The concerns raised by New Hampshire’s financial regulators in our story that begins on the front page of this issue are well noted. Beyond that, the Bush administration’s proposal reads more like one of those pork-laden Christmas tree bills of which Congress is so often fond. In other words, there’s something for everyone – and when we say “everyone,” we mean everyone in Mr. Paulson’s neighborhood – Wall Street, where he previously reigned as chairman of Goldman Sachs.
While many in the national media are dutifully referring to the Paulson proposal as a “sweeping overhaul” of our financial regulatory structure, what it really amounts to is a transparent attempt to further deregulate an industry that is sorely in need of being reined in. The subprime crisis and related greed-fueled schemes indulged in by banks and securities companies were in large part a result of an inadequate federal regulatory structure that — apparently by design over the last several years – was left toothless and essentially incapacitated. Federal regulators were unable and unwilling to restrain banks and securities companies, even as it became apparent that their spurious off-books operations and credit default swaps proved to be a house of cards.
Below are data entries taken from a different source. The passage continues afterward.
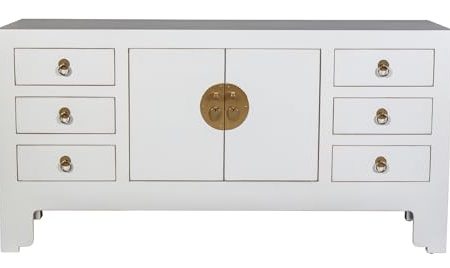 Fine Asianliving Chinesisches TV Lowboard Schneeweiß - Orientique Kollektion B121xT37xH61cm Chinesischer TV Schrank China Oriental Asiatique Fernsehschrank TV Regal TV Tisch TV Möbel TV Board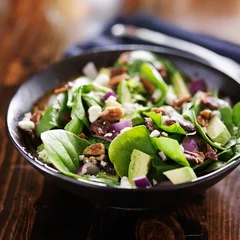 Foto auf Acrylglas avocado spinach salad with feta cheese, pecans and bacon © Joshua Resnick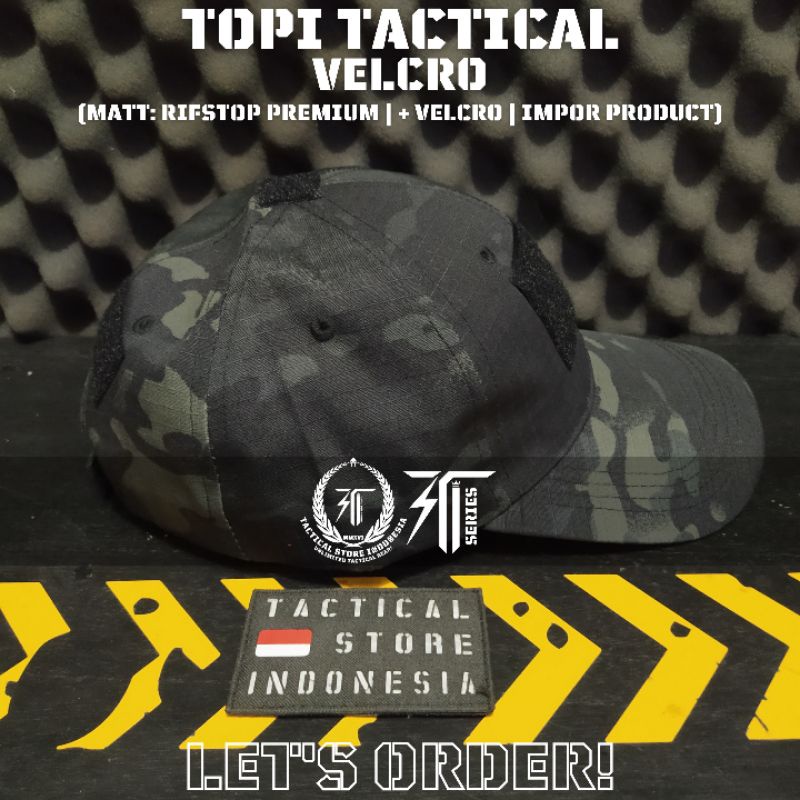 Topi Tactical Impor Loreng Multicam Black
Paulson’s proposal does little to address what’s needed: restrictions on the kind of risky, arcane investment schemes that got us where we are today; regulation of the bond-rating agencies, which currently are paid by the banks and securities companies to rate the instruments created by those companies; a federal government more willing to play an aggressive role in keeping greed from infesting our financial system; and an acknowledgement of and appreciation for the job that state financial regulators have been doing in protecting investors, especially when federal regulators have been regularly asleep at the switch.
In the end, the only thing “sweeping” about the Paulson proposal is its eagerness to hide the causes of the current financial crisis under the rug.